Polls Show PM’s Immunity Request Has Little Impact on Numbers

YERUSHALAYIM
Prime Minister Binyamin Netanyahu. (Marc Israel Sellem/POOL)

The first set of polls taken since Prime Minister Binyamin Netanyahu said that he would seek parliamentary immunity show that the move had little impact on the balance of power between right and left. Polls by Channels 12 and 13 and Kan News show Blue and White with a slight electoral edge over the Likud, but failing to amass a Knesset majority with the assistance of both the United Arab List and Yisrael Beytenu, or convincing several of the right-wing or chareidi parties to join a government led by Benny Gantz.

Elections are set for 60 days from now, but if they were held today, Channel 13 has Blue and White coming in with 36 Knesset seats, and the Likud with 34. The United Arab List would get 13 seats, while the New Right would get 8. Both Shas and United Torah Judaism would get 7 each. Labor would get 5 and Democratic Camp 4. The Jewish Home list does not pass the electoral threshold, but just barely.

Losing steam in Avigdor Liberman’s Yisrael Beytenu, which gets 6 seats. The right-wing/chareidi camp would get 56 seats in this scenario, and the left 45, without the UAL and Yisrael Beytenu. The poll also shows that Israelis still prefer Binyamin Netanyahu as prime minister over Benny Gantz, with 41% choosing Netanyahu and 33% preferring Gantz.
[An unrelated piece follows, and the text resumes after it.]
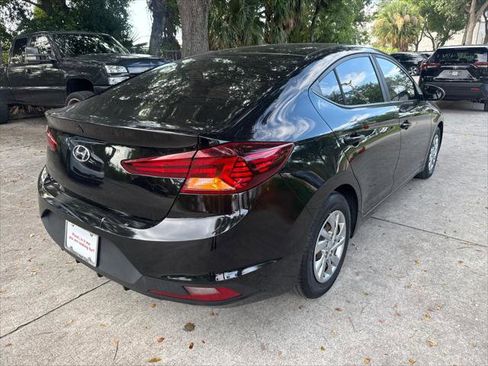 Used 2020 Hyundai Elantra SE FWD image 6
The Channel 12 poll shows similar results for nearly all parties, with Blue and White getting 35 and Likud 33. In this poll, the chareidi parties get 16 seats, and Jewish Home again barely misses the threshold. The right-wing bloc gets 55 seats in this poll, with 44 for Blue and White/Labor/Democratic Camp. Here, too, Netanyahu beats Gantz for the Prime Minister’s Office, by 40% to 39%. The Kan News poll has Blue and White at 35 and Likud at 33, with the Blue and White bloc coming in at 46 seats, compared to 54 for the right.